· duckdb parquet

Diffing Apache Parquet schemas with DuckDB

I’ve been playing around with DuckDB, the new hotness in the analytics space, over the last month, and my friend Michael Hunger asked whether you could use it to compute a diff of Apache Parquet schemas.

Challenge accepted!

Challenge Accepted!
Note

I’ve created a video showing how to do this on my YouTube channel, Learn Data with Mark, so if you prefer to consume content through that medium, I’ve embedded it below:

Querying the Parquet Schema

Let’s say we have three Parquet files that represent ATP tennis players - players1.parquet, players2.parquet, and players3.parquet.

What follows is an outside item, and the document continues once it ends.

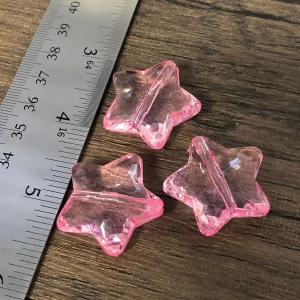 6pc Transparent Light Pink Chunky Star Beads #40 - Image 2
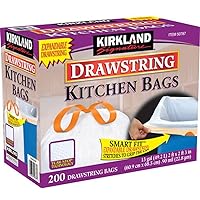 Kirkland Signature 13 Gallon 200 Ct Carton 100% recyclable Heavy Duty Drawstring Kitchen Trash Bags Garbage Bag,White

We can get the list of column names along with their data type and file name by running the following query in the DuckDB CLI:

SELECT file_name, name, type
FROM parquet_schema('players*.parquet')
ORDER BY file_name;

If we run this query, we’ll see the following results:

Table 1. Results
file_name name type

players1.parquet

duckdb_schema

BOOLEAN

players1.parquet

player_id

INT32

players1.parquet

name_first

BYTE_ARRAY

players1.parquet

name_last

BYTE_ARRAY

players1.parquet

hand

BYTE_ARRAY

players1.parquet

dob

INT32

players1.parquet

ioc

BYTE_ARRAY

players1.parquet

height

INT32

players1.parquet

wikidata_id

BYTE_ARRAY

players2.parquet

duckdb_schema

BOOLEAN

players2.parquet

player_id

INT32

players2.parquet

first_name

BYTE_ARRAY

players2.parquet

last_name

BYTE_ARRAY

players2.parquet

hand

BYTE_ARRAY

players2.parquet

dob

INT32

players2.parquet

ioc

BYTE_ARRAY

players2.parquet

height

INT32

players2.parquet

wikidata_id

BYTE_ARRAY

players3.parquet

duckdb_schema

BOOLEAN

players3.parquet

player_id

BYTE_ARRAY

players3.parquet

first_name

BYTE_ARRAY

players3.parquet

last_name

BYTE_ARRAY

players3.parquet

hand

BYTE_ARRAY

players3.parquet

dob

BYTE_ARRAY

players3.parquet

ioc

BYTE_ARRAY

players3.parquet

height

BYTE_ARRAY

From scanning this list, we can see that there are some differences in the schemas, but it’s not entirely obvious what those differences are. Let’s see if we can write some queries to figure it out.

Temporary Tables

But first, we’re going to create a temporary table per schema file to simplify the queries that we have to write. Temporary tables are stored in memory for the current session and will be gone should we exit the DuckDB CLI.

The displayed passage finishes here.